One of the candidates is a protein that targets tau. The build-up of tau protein in the brain is one hypothesis about how best to treat the degeneration linked with Alzheimer’s disease.

Prothena commented in the press release that it has “identified antibodies targeting novel epitopes on the tau protein with the ability to block misfolded tau from binding to cells and to inhibit cell-to-cell transmission, preventing downstream functional toxic effects.”

This could be of huge interest, after a number of the other major alterantive hypothesis, amyloid-targeting Alzheimer’s treatments, failed to show efficacy in trials.

The other named target was the protein, TDP-43, which is associated with amytrophic lateral sclerosis and dementia. There is one other protein that Prothena has chosen not to name as being a target, though this is still within the neuroscience space.
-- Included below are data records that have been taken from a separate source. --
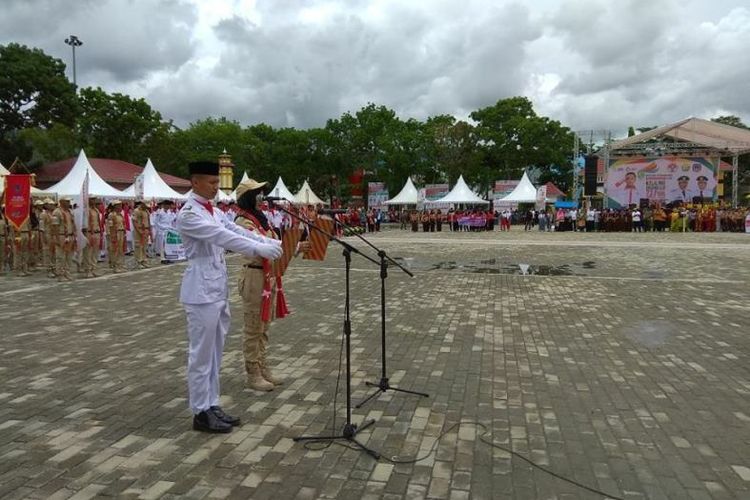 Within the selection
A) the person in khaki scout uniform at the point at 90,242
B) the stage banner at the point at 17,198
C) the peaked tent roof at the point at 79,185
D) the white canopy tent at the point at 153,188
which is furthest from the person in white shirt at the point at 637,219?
the stage banner at the point at 17,198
“Prothena has a legacy of innovation in neuroscience and a team with a deep understanding of biological approaches that target protein misfolding disorders. Our collaboration leverages each company’s core expertise in protein homeostasis and protein clearance to target proteins that are the underlying cause of many neurodegenerative and orphan diseases. The programs we have chosen to collaborate on have the potential to provide foundational assets from which we can build new therapeutic approaches to these currently untreatable neurological disorders” said Richard Hargreaves, PhD, Corporate Vice President Neuroscience and Imaging for Celgene.

Should Celgene choose to take any of these candidates further than Phase 1, it will be responsible for all global clinical development and commercialisation. Prothena will, in return, receive $80 million per candidate picked up.